PROBLEM TO SOLVE:
Copy every record below exactly, leaving out any pictures.

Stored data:
[Start of section]

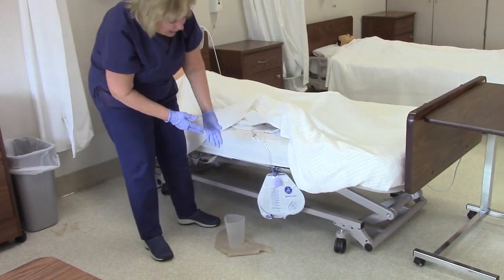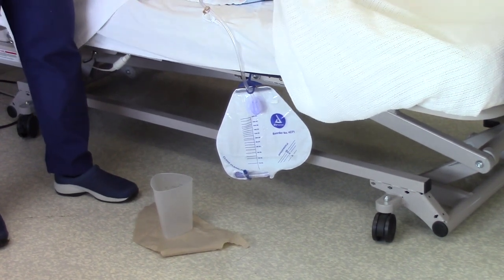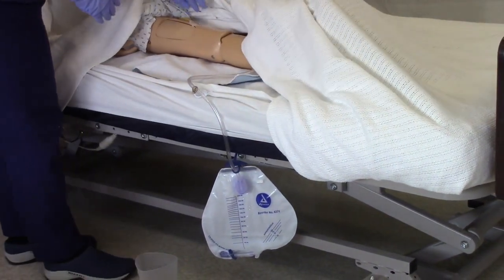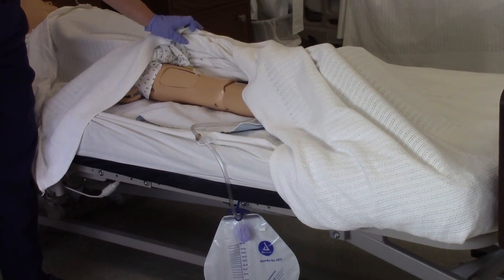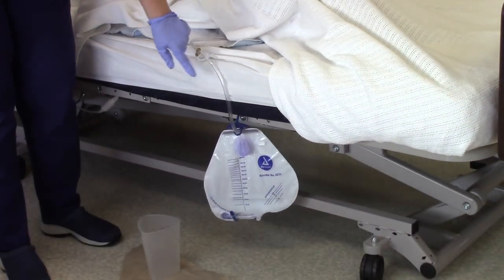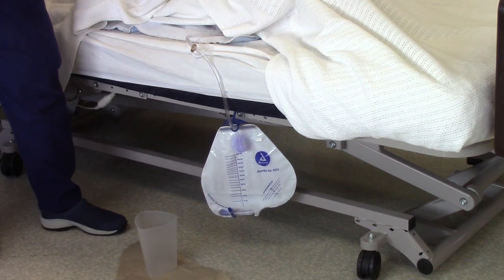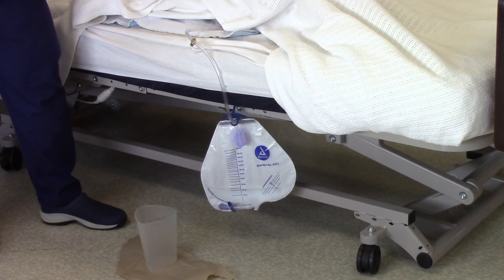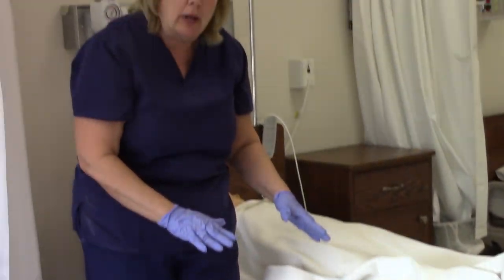Here is the patient's Foley catheter bag. Besides emptying it, as a nurse's aide or nursing student, you also want to check the tubing to make sure it is not kinked or coiled. You also want to make sure it is taped on the thigh, because if it pulls, it pulls on the thigh and not on the patient's urethra. Another part to assess is the last 8 to 10 inches — you have it clipped on the bed and perpendicular, which allows for proper drainage of the patient's urine by gravity. Under no circumstances should that bag ever be raised higher than the patient's bladder, because urine will flow back and cause issues for the patient.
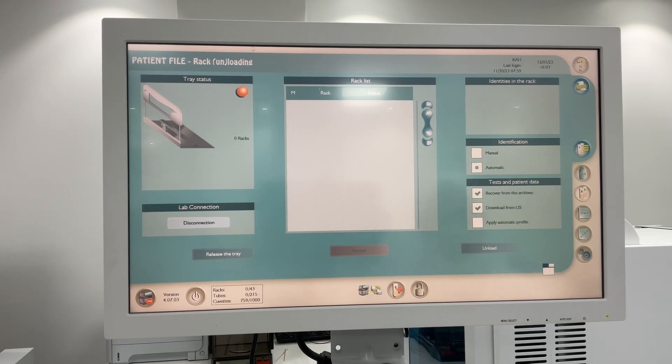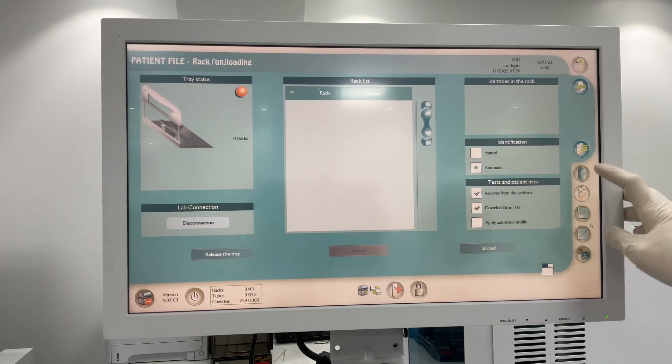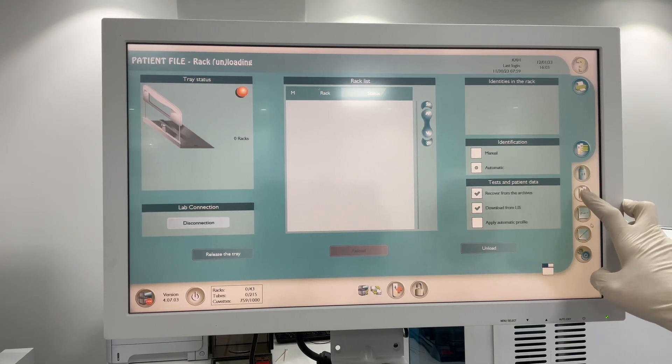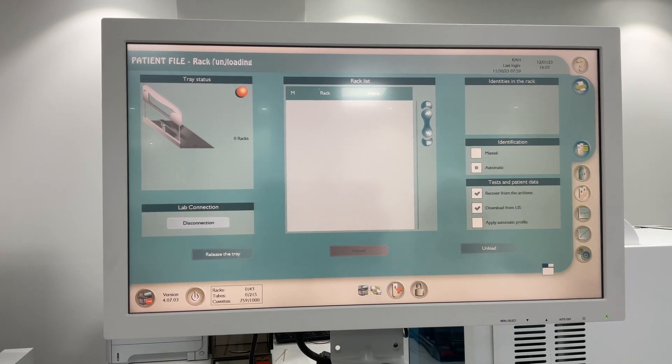After maintenance, you can now run your controls. This is the control, calibration, and settings. Here is your sample insights for analyzing ongoing testing, and this is your reagent. Click here for your QC.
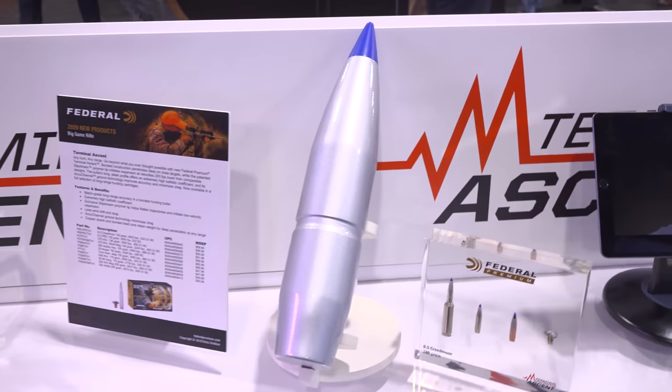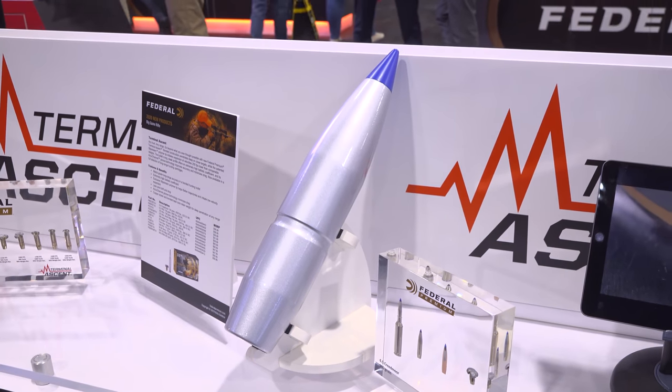Traditionally, we may not get a good bullet upset at that distance. But with Terminal Ascent and the Slipstream tip — that tip is hollow — at long distance the tip fills with fluid and blood, going back into the meat plot of the bullet to allow for expansion at the end of that trajectory, still getting good terminal performance. The bullet doesn't tumble and still transfers energy into the animal. The bullet also has AccuChannels, and unlike traditional 90-degree groove backs, the Federal engineers put an angle on the backside of each AccuChannel, which helps with stability and allows the bullet to be shot in a broader range of calibers.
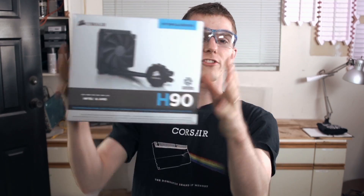This tech quickie is all about the Corsair H90. It's a 140 millimeter liquid cooler. We're going to tell you what you need to know about it as well as how to install it in your system.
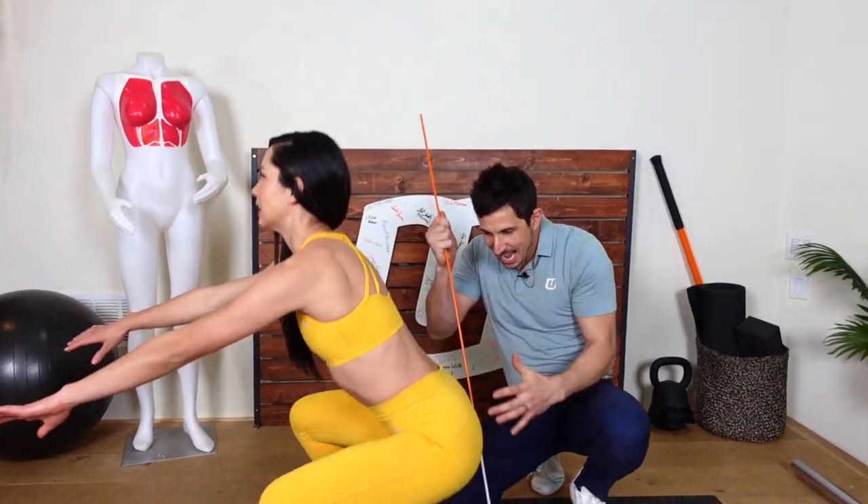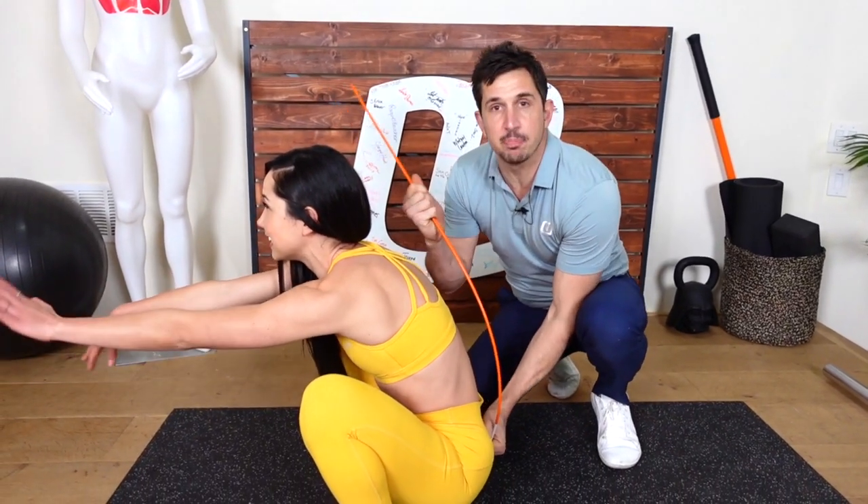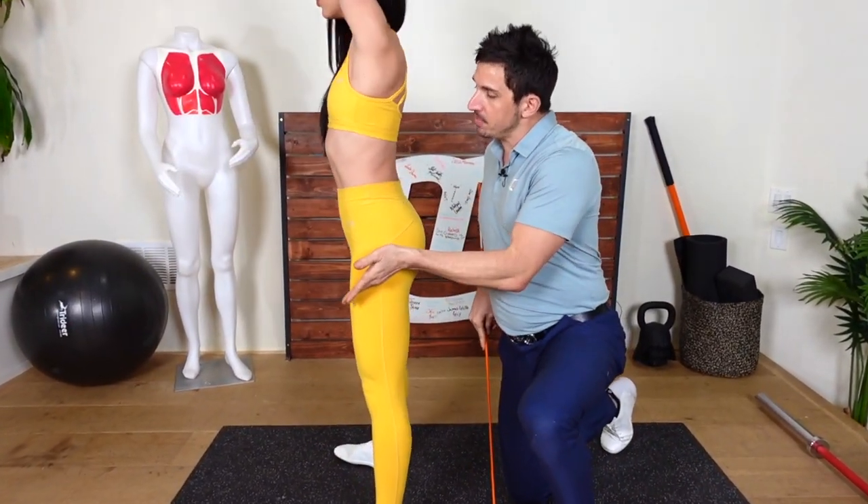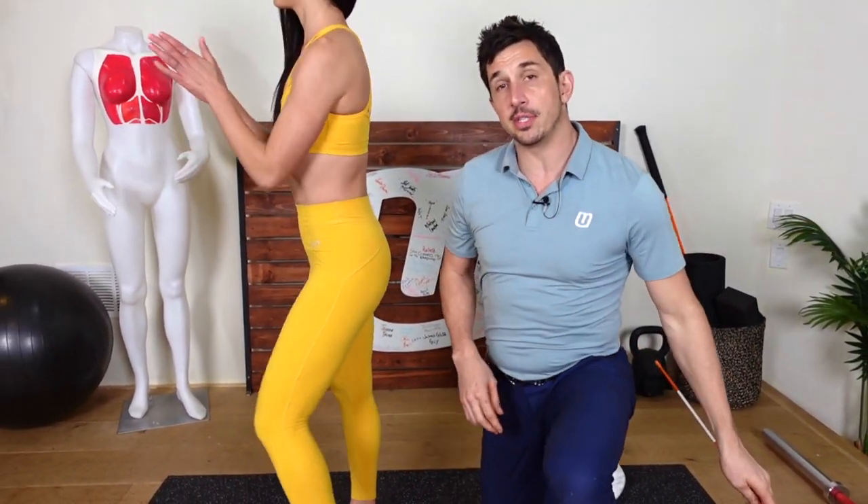The butt wink is an excessive lower body flexion and spinal flexion that occurs because you don't have awareness in the right muscles. You must learn to maximally contract your hip flexor and your erectors at the same exact time and hold that awareness of the squat.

[End of section]

REPLY:
Here is the patient's Foley catheter bag. Besides emptying it, as a nurse's aide or nursing student, you also want to check the tubing to make sure it is not kinked or coiled. You also want to make sure it is taped on the thigh, because if it pulls, it pulls on the thigh and not on the patient's urethra. Another part to assess is the last 8 to 10 inches — you have it clipped on the bed and perpendicular, which allows for proper drainage of the patient's urine by gravity. Under no circumstances should that bag ever be raised higher than the patient's bladder, because urine will flow back and cause issues for the patient.
After maintenance, you can now run your controls. This is the control, calibration, and settings. Here is your sample insights for analyzing ongoing testing, and this is your reagent. Click here for your QC.
Traditionally, we may not get a good bullet upset at that distance. But with Terminal Ascent and the Slipstream tip — that tip is hollow — at long distance the tip fills with fluid and blood, going back into the meat plot of the bullet to allow for expansion at the end of that trajectory, still getting good terminal performance. The bullet doesn't tumble and still transfers energy into the animal. The bullet also has AccuChannels, and unlike traditional 90-degree groove backs, the Federal engineers put an angle on the backside of each AccuChannel, which helps with stability and allows the bullet to be shot in a broader range of calibers.
This tech quickie is all about the Corsair H90. It's a 140 millimeter liquid cooler. We're going to tell you what you need to know about it as well as how to install it in your system.
The butt wink is an excessive lower body flexion and spinal flexion that occurs because you don't have awareness in the right muscles. You must learn to maximally contract your hip flexor and your erectors at the same exact time and hold that awareness of the squat.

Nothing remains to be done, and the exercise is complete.